- _Listed records_
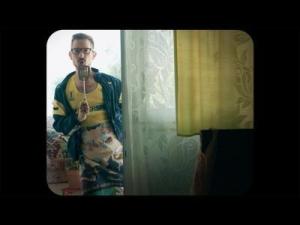 LÓCI JÁTSZIK – Panelparadicsom | Gold Record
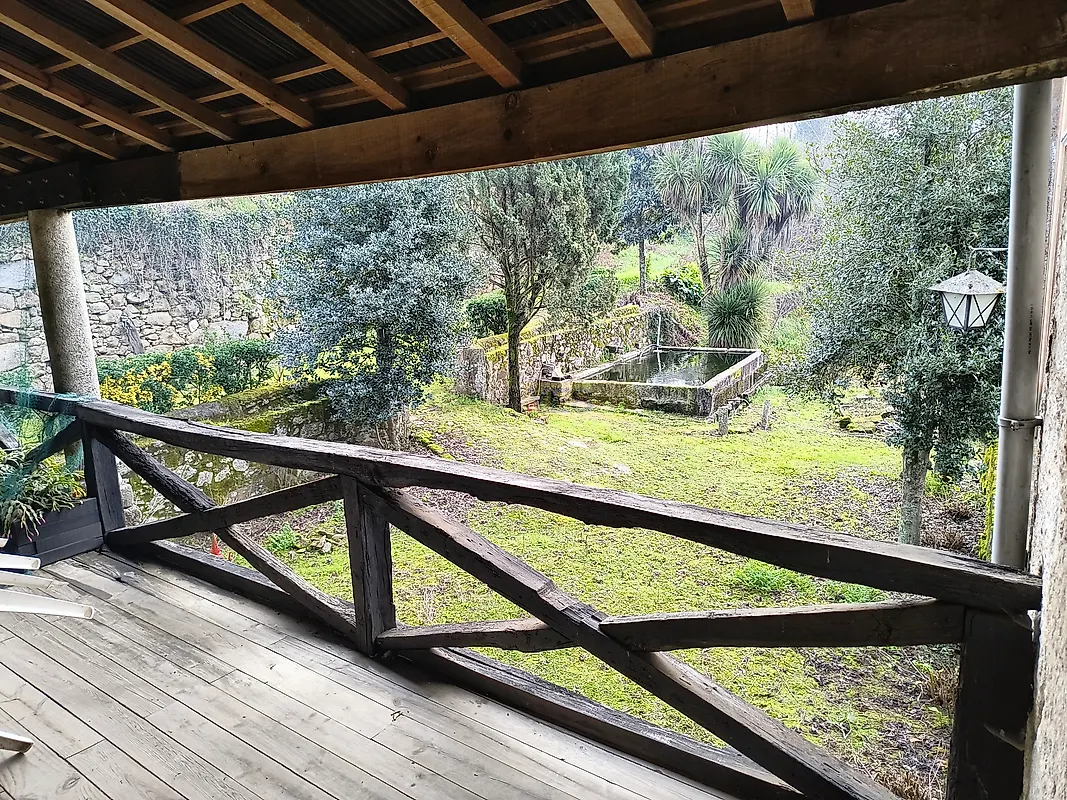Moradia T0 à venda em Ferreiros e Gondizalves, Braga — foto 16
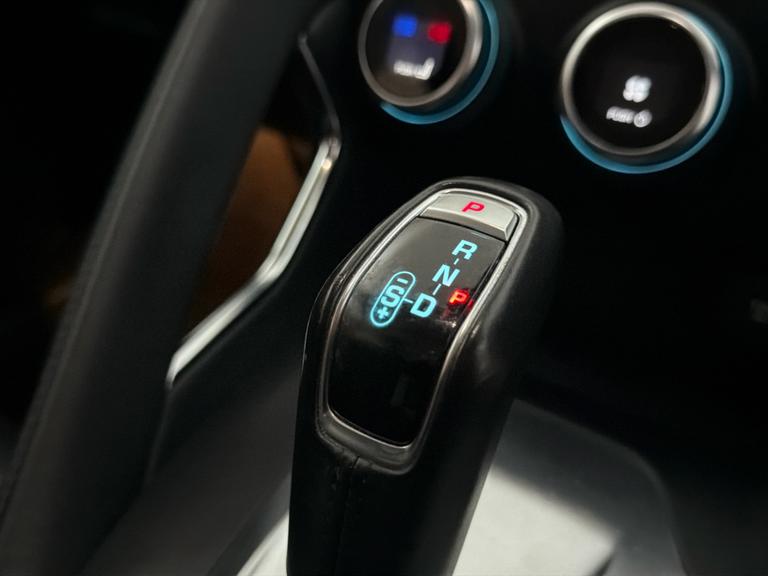 JAGUAR E-PACE Photo bsapi-50aa90e6c9a3c6fbe0e992d9f235cf42a8727307.jpg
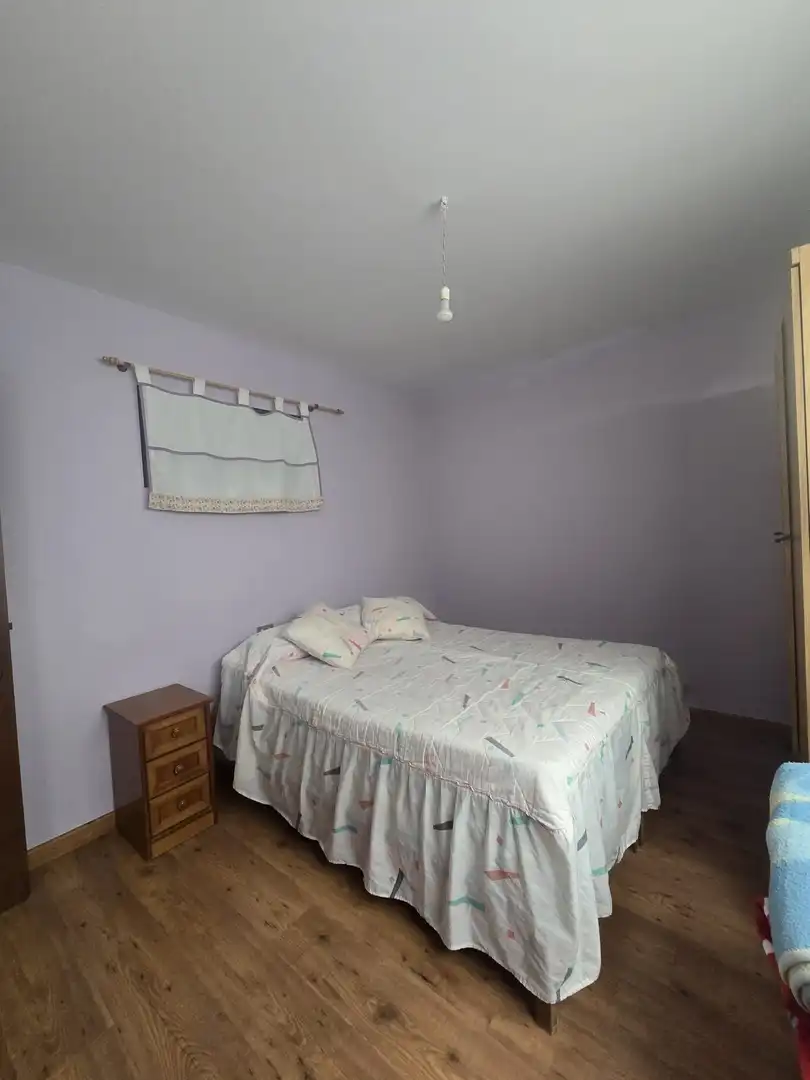 Casa con piscina en venta en Valdoviño, imagen 46
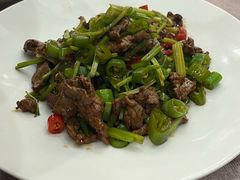 -天禧(西溪店)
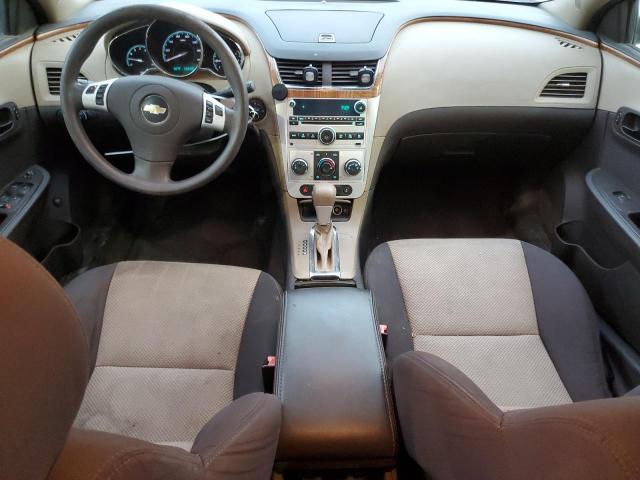 Продажа на аукционе авто 2012 Chevrolet Malibu 1lt, vin: 1G1ZC5E03CF214611, номер лота: 91673845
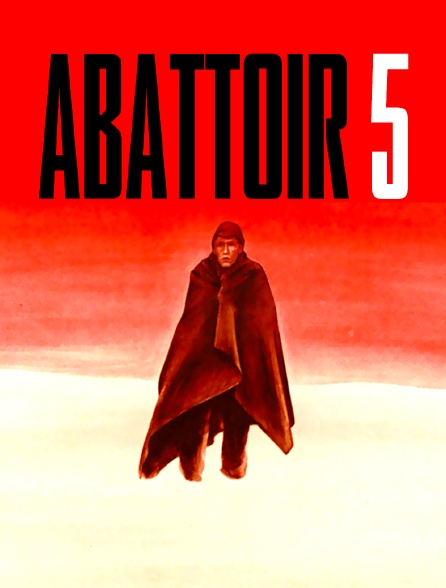 Abattoir 5
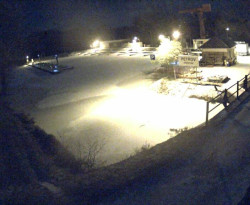 Přístaviště Petrov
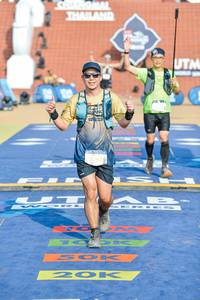 BIB: 207
                            <button type="button" onclick="openModal(22765857)" class="btn btn-primary btn-sm float-right btn-popup" data-toggle="modal" data-target=".modal-high-quality">
                        <i class="fas fa-shopping-cart"></i> Add to Cart
                    </button>
                                            <button type="button" onclick="isThisMe(22765857, true)" class="btn btn-success btn-sm float-right btn-popup btn-isme hidden" data-toggle="tooltip" data-placement="bottom" title="นี่คือรูปของคุณใช่ไหม คลิกที่นี่เพื่อเอาเข้าอัลบั้ม">
                        <i class="fas fa-plus"></i> Add to album
                    </button>
                    <button type="button" onclick="isThisMe(22765857, false)" class="btn btn-warning btn-sm float-right btn-popup btn-isnotme hidden">
                        <i class="fas fa-ban"></i> Remove from album
                    </button>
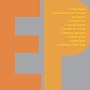 The Fiery Furnaces EP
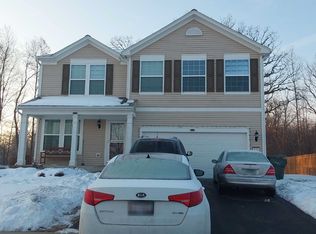 4101 Cypress Dr, Zion, IL 60099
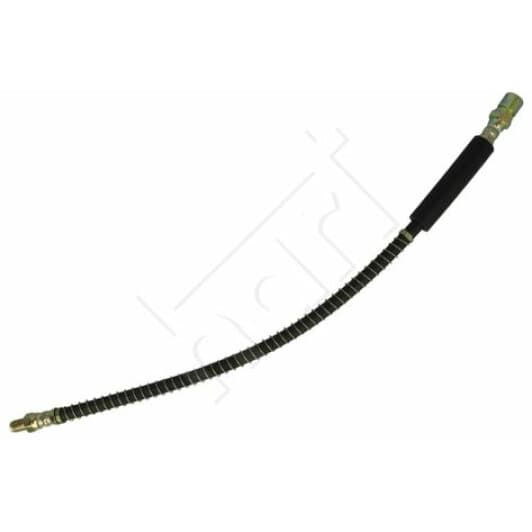 220407 Hart Гальмівний шланг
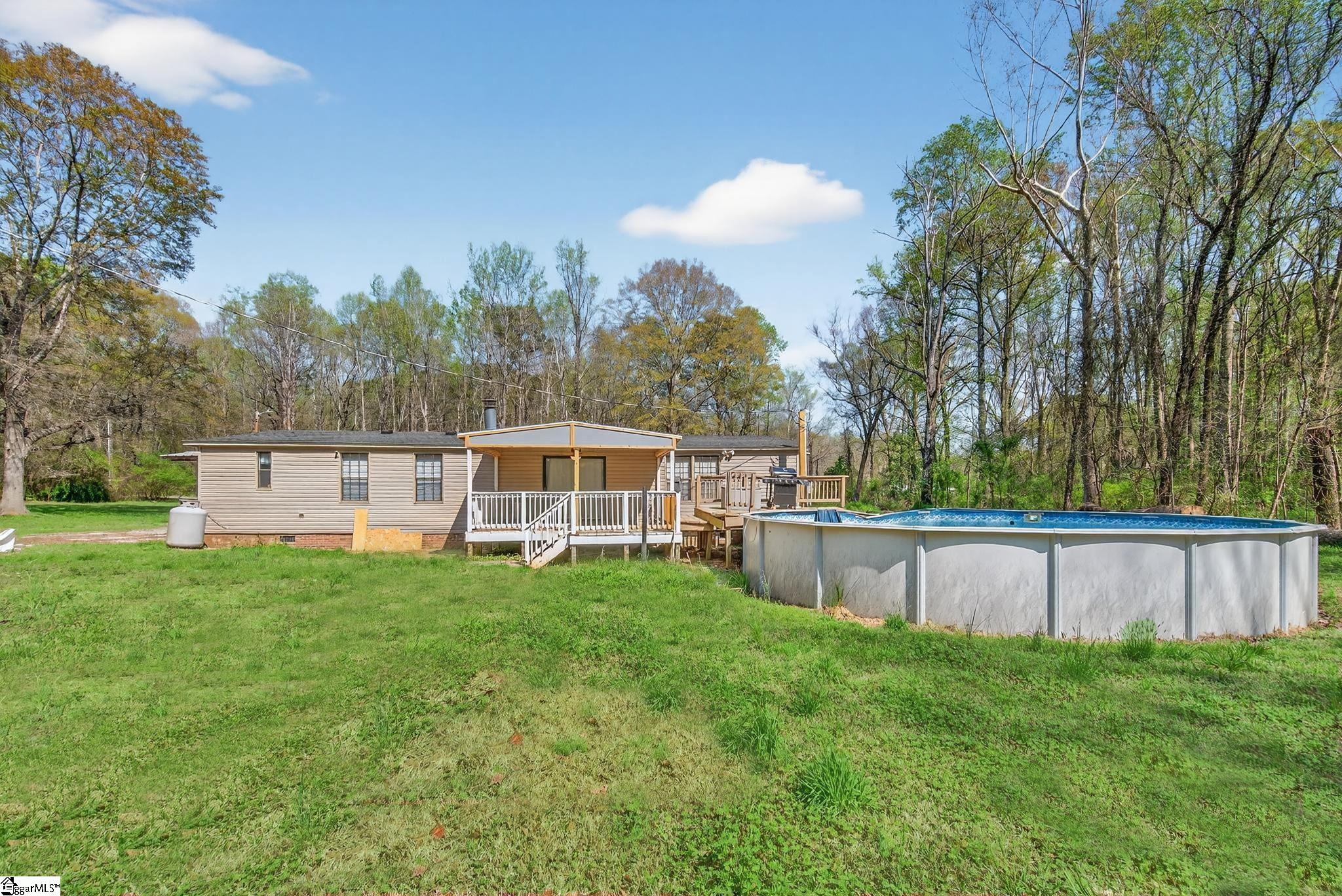 110 Bailey Road Anderson, SC 29624 - Photo 40 of 44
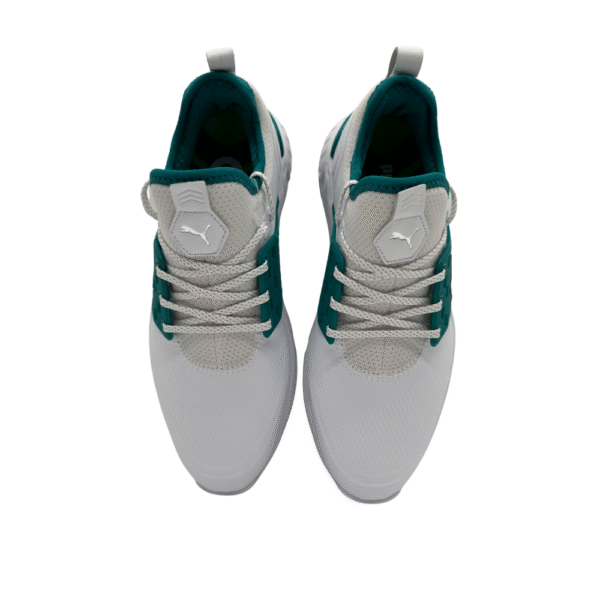 PUMA Mens Ignite Articulate Golf - Image 2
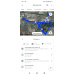  Hochgeladen am 14.07.2025 00:00:00Бечёнкин Олег 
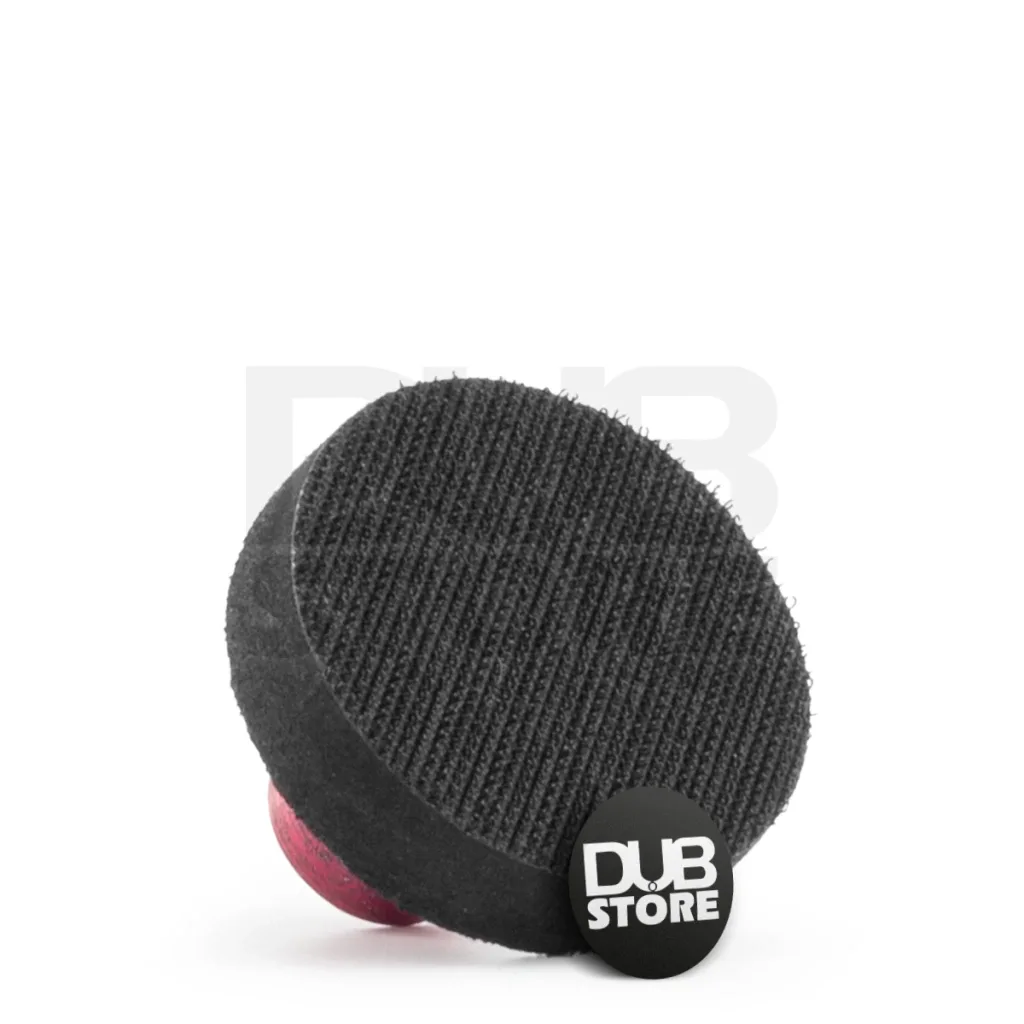 Suporte para boina Detailer (2 polegadas) — foto 2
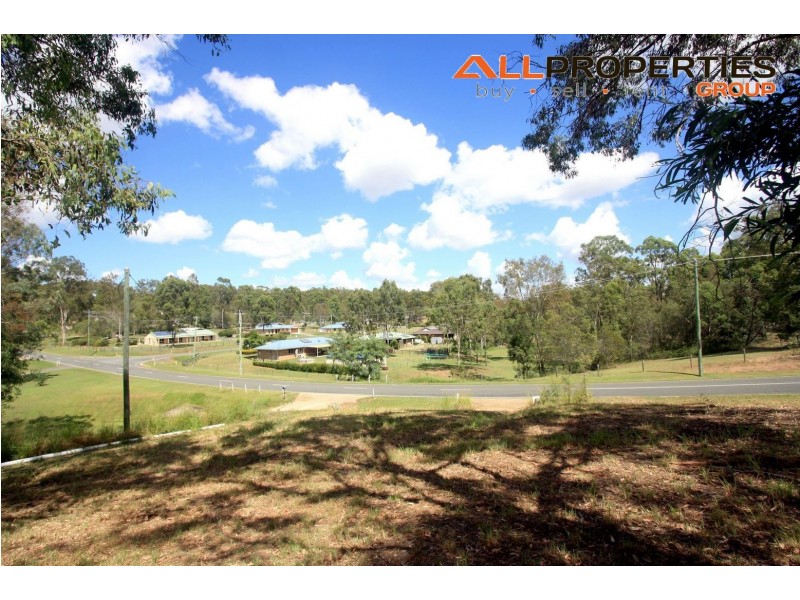 95-97 Orion Road, Cedar Vale QLD 4285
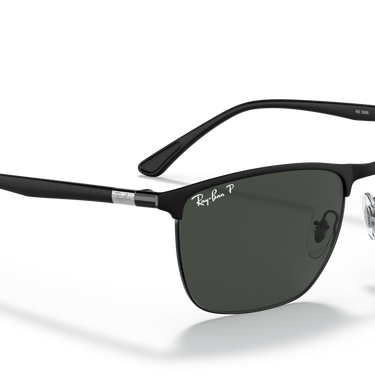 Gafas Ray-Ban RB3686-186/K8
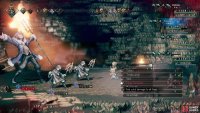 but only those that target more than one character/enemy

- _Work request_
Repeat every entry above exactly; images stay out of the copy.

- _Answer for the task_
 LÓCI JÁTSZIK – Panelparadicsom | Gold Record
Moradia T0 à venda em Ferreiros e Gondizalves, Braga — foto 16
 JAGUAR E-PACE Photo bsapi-50aa90e6c9a3c6fbe0e992d9f235cf42a8727307.jpg
 Casa con piscina en venta en Valdoviño, imagen 46
 -天禧(西溪店)
 Продажа на аукционе авто 2012 Chevrolet Malibu 1lt, vin: 1G1ZC5E03CF214611, номер лота: 91673845
 Abattoir 5
 Přístaviště Petrov
 BIB: 207
                            <button type="button" onclick="openModal(22765857)" class="btn btn-primary btn-sm float-right btn-popup" data-toggle="modal" data-target=".modal-high-quality">
                        <i class="fas fa-shopping-cart"></i> Add to Cart
                    </button>
                                            <button type="button" onclick="isThisMe(22765857, true)" class="btn btn-success btn-sm float-right btn-popup btn-isme hidden" data-toggle="tooltip" data-placement="bottom" title="นี่คือรูปของคุณใช่ไหม คลิกที่นี่เพื่อเอาเข้าอัลบั้ม">
                        <i class="fas fa-plus"></i> Add to album
                    </button>
                    <button type="button" onclick="isThisMe(22765857, false)" class="btn btn-warning btn-sm float-right btn-popup btn-isnotme hidden">
                        <i class="fas fa-ban"></i> Remove from album
                    </button>
 The Fiery Furnaces EP
 4101 Cypress Dr, Zion, IL 60099
 220407 Hart Гальмівний шланг
 110 Bailey Road Anderson, SC 29624 - Photo 40 of 44
 PUMA Mens Ignite Articulate Golf - Image 2
  Hochgeladen am 14.07.2025 00:00:00Бечёнкин Олег 
 Suporte para boina Detailer (2 polegadas) — foto 2
 95-97 Orion Road, Cedar Vale QLD 4285
 Gafas Ray-Ban RB3686-186/K8
 but only those that target more than one character/enemy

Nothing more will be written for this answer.